WHAT YOU ARE ASKED TO DO ▸
The reply must contain exactly the lines below from the one with "3.17 Ct. Zircon from Cambodia" down to the one with "Кроссовки Salomon X", both included, and nothing more; please omit the pictures.
[[ EXTRACTED DATA, beginning ]]
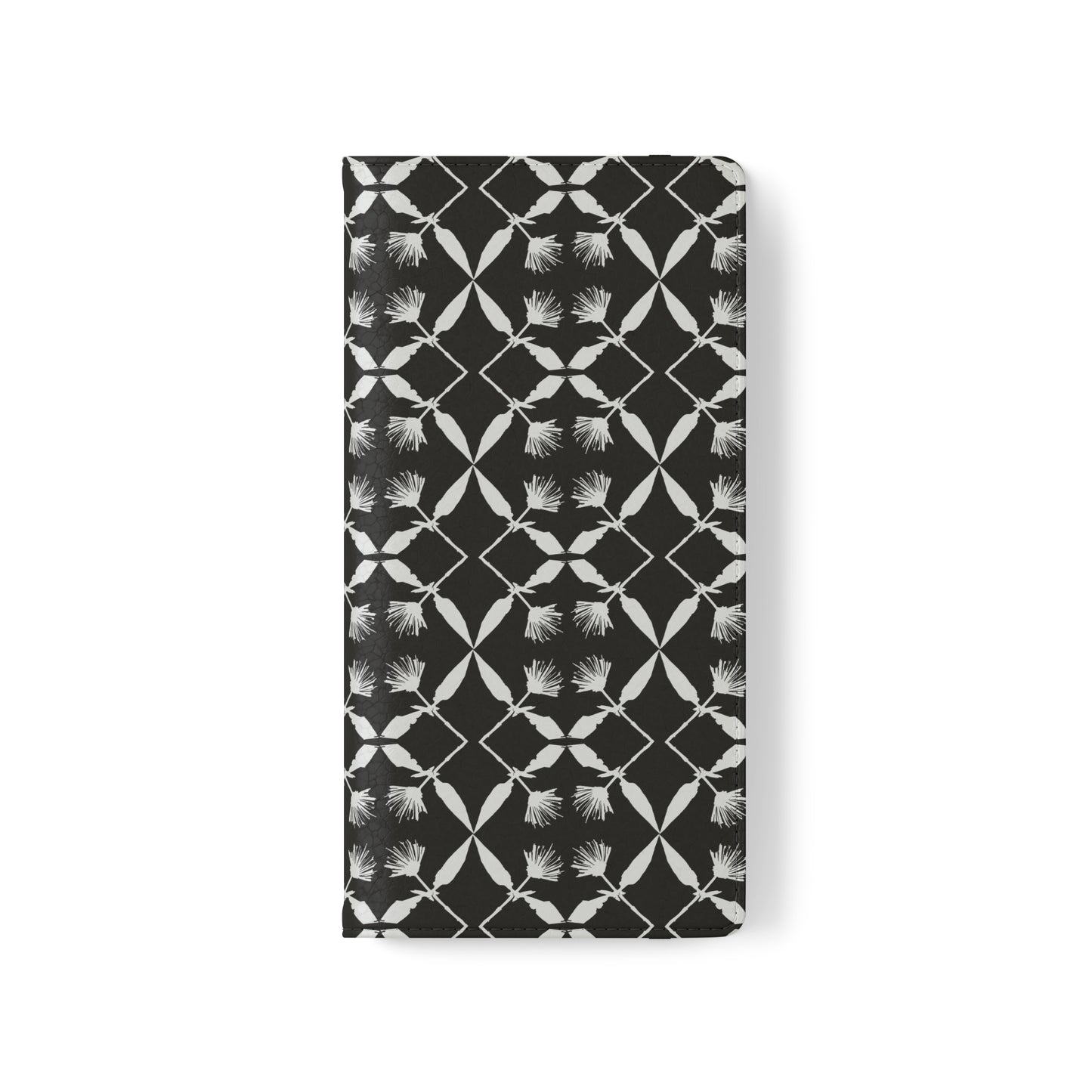 Black and White Floral Flip Cases for Samsung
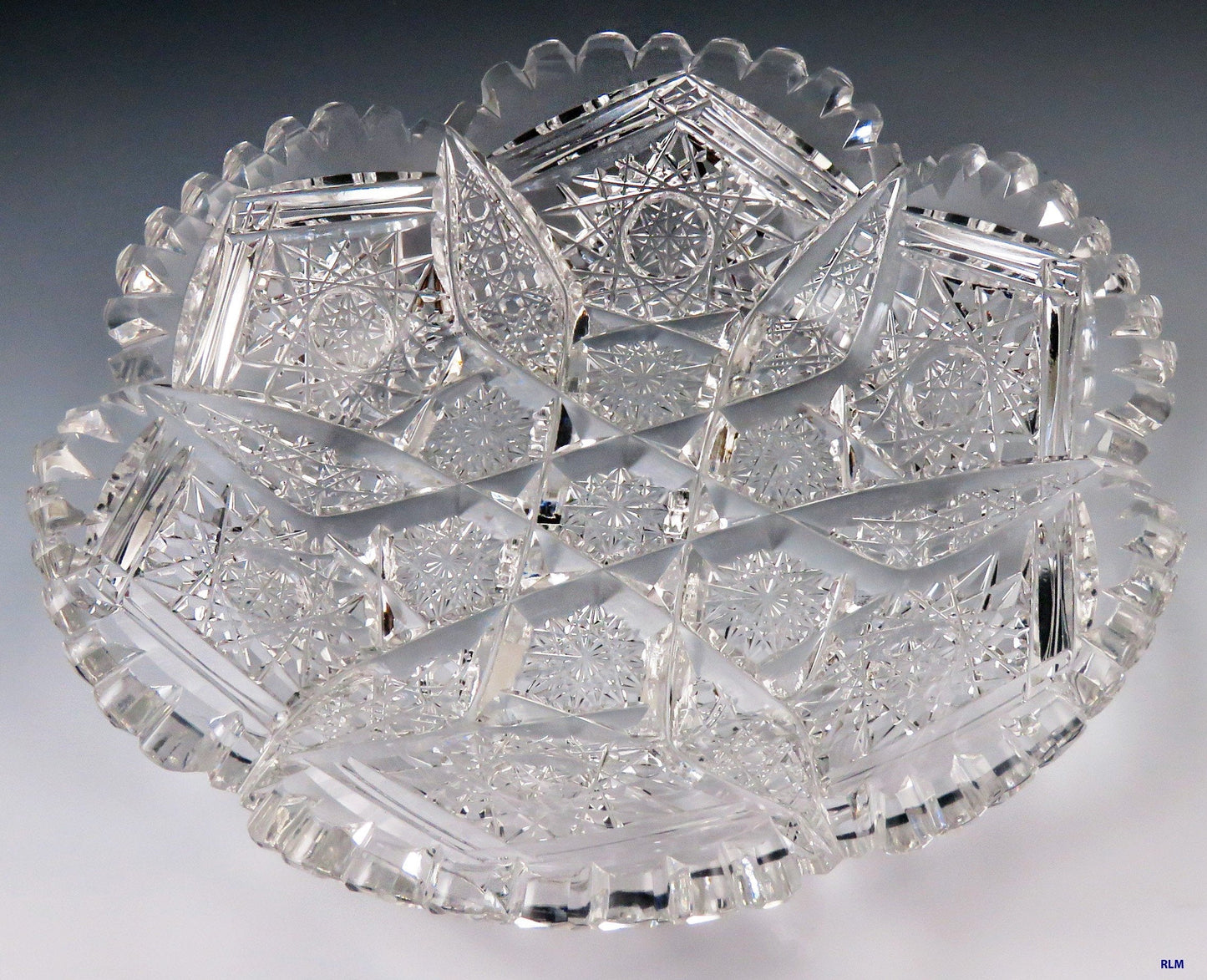 Classic 19th Century ABP American Brilliant Period Cut Glass Bowl or Dish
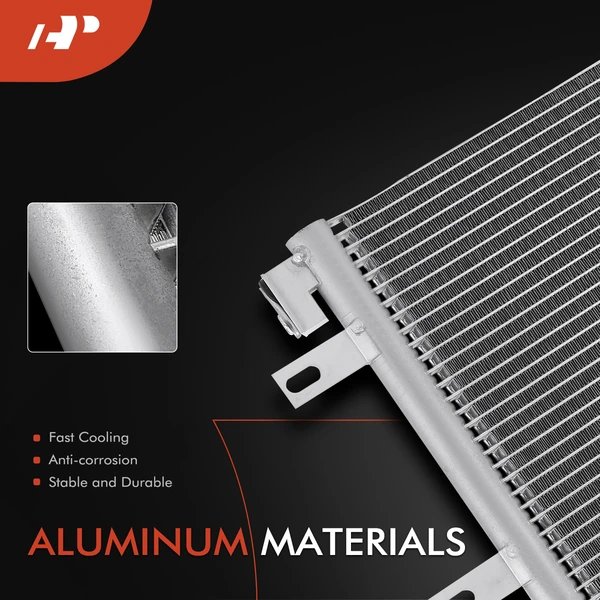 AC Condenser with Receiver Drier for Jeep Patriot 2007-2017 Compass Dodge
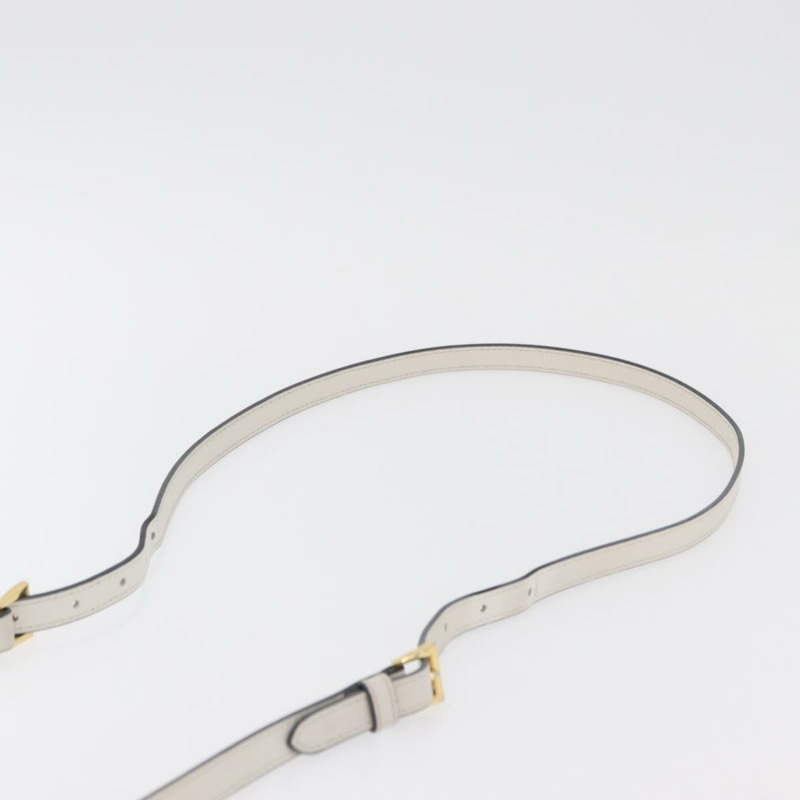 【日本直送】PRADA 手提包 皮革 兩用 白色 金色 正品 179715A-14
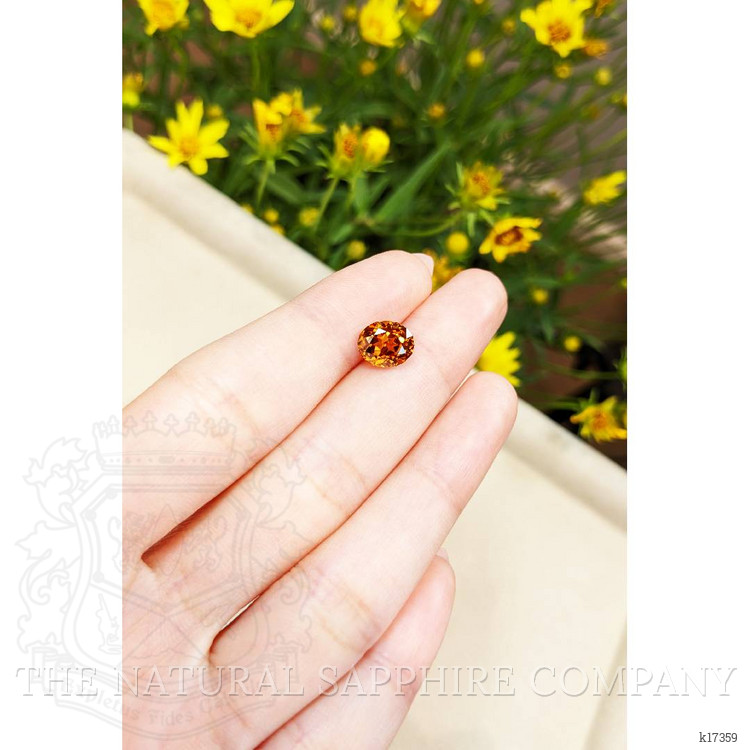 3.17 Ct. Zircon from Cambodia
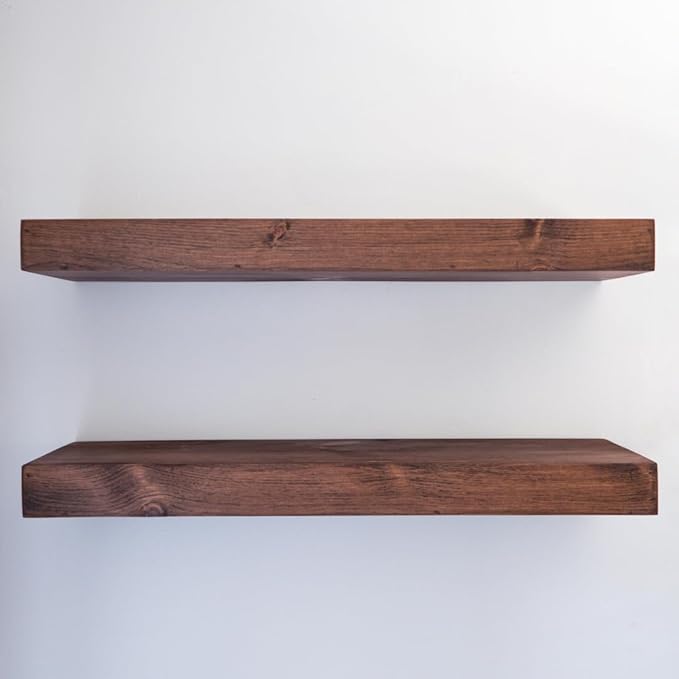 Urbandi Modern Floating Shelves 3 Inches Thick - Image 5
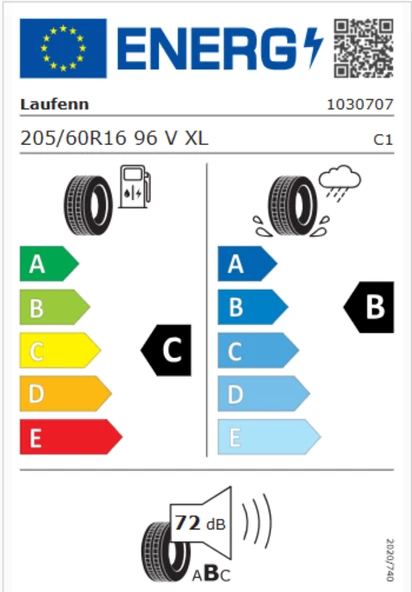 Laufenn S Fit EQ+ LK01 205/60R16 96V XL Oto Yaz Lastiği (Üretim Yılı: 2025) - Resim 2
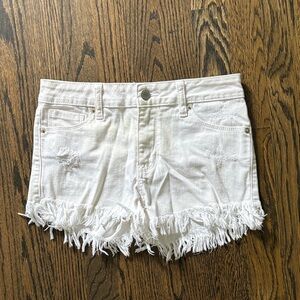 JUST USA White Frayed Hem Shorts Size XS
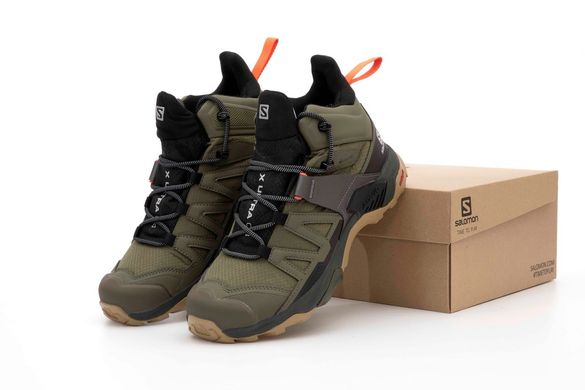 Кроссовки Salomon X Ultra 4 Gore-Tex Khaki Black, 41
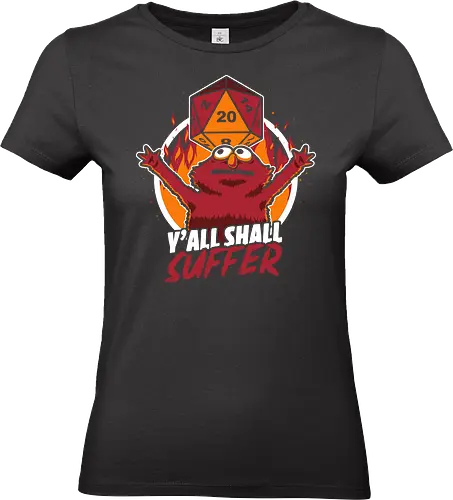 Chaos Puppet Fire  - puppet, chaos, fire, classic, tv show, internet, meme, fun, funny, movie, sarcasm, retro vintage, kids - Standard T-Shirt (Women)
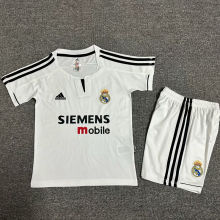 2003/04 RM Home White Retro Kids Soccer Jersey
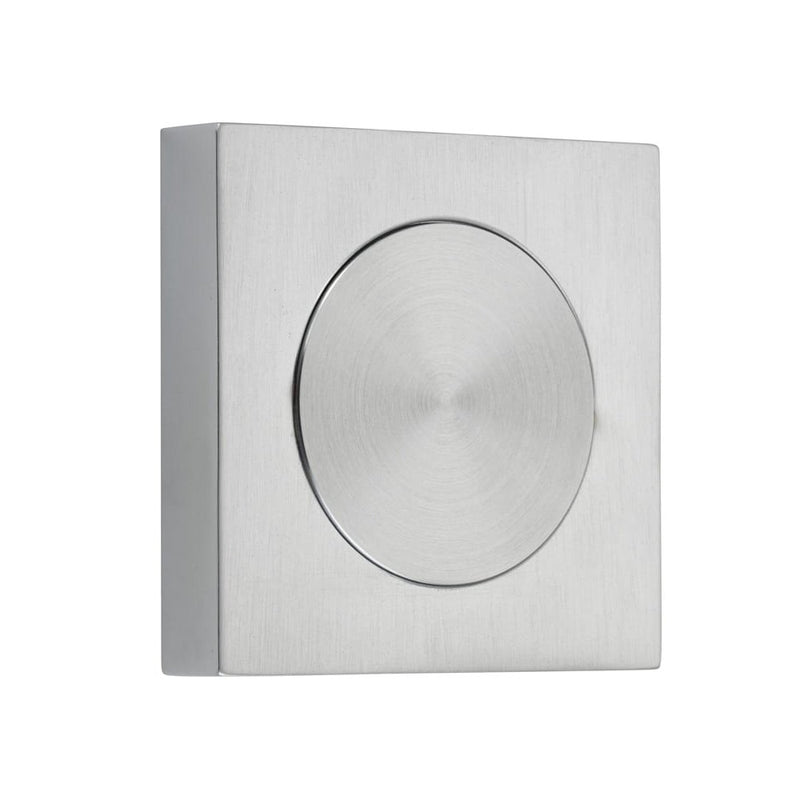 Blank Rose Square Brushed Chrome H52xW52xP10mm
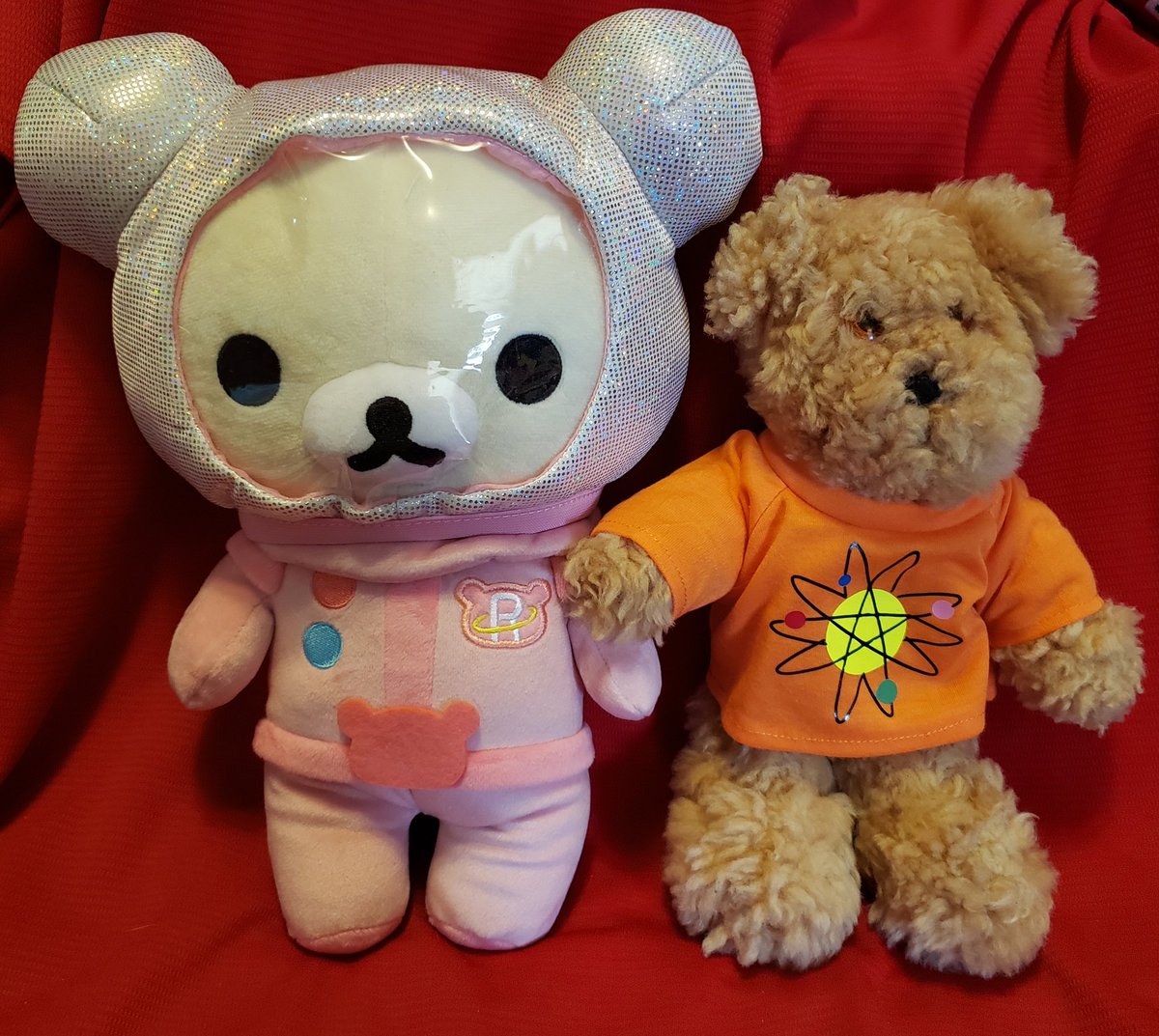 AstroKumas's tweet photo. #SpaceJunkClub #astronomy #SmallBearsLoveScience #ScienceBear #AstronomyBear #AstroBear #astronaut #astronautbear #astrophysics #korilakkuma #HumphreyBeargart https://t.co/n0bv5JDZIk
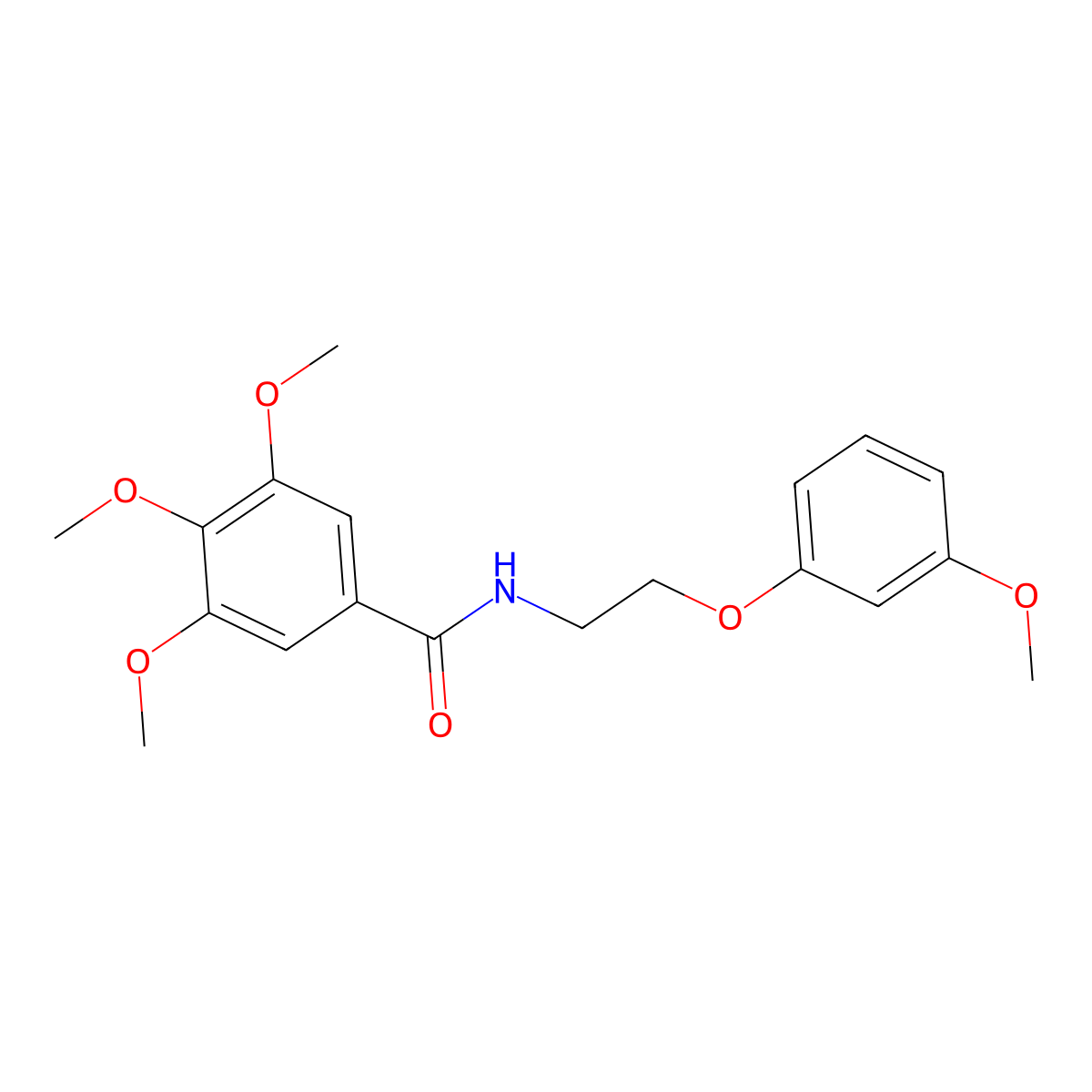 3,4,5-trimethoxy-N-[2-(3-methoxyphenoxy)ethyl]benzamide molecular structure, CAS 329223-15-6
[[ EXTRACTED DATA, end ]]
EXPECTED ANSWER ▸
 3.17 Ct. Zircon from Cambodia
 Urbandi Modern Floating Shelves 3 Inches Thick - Image 5
 Laufenn S Fit EQ+ LK01 205/60R16 96V XL Oto Yaz Lastiği (Üretim Yılı: 2025) - Resim 2
 JUST USA White Frayed Hem Shorts Size XS
 Кроссовки Salomon X Ultra 4 Gore-Tex Khaki Black, 41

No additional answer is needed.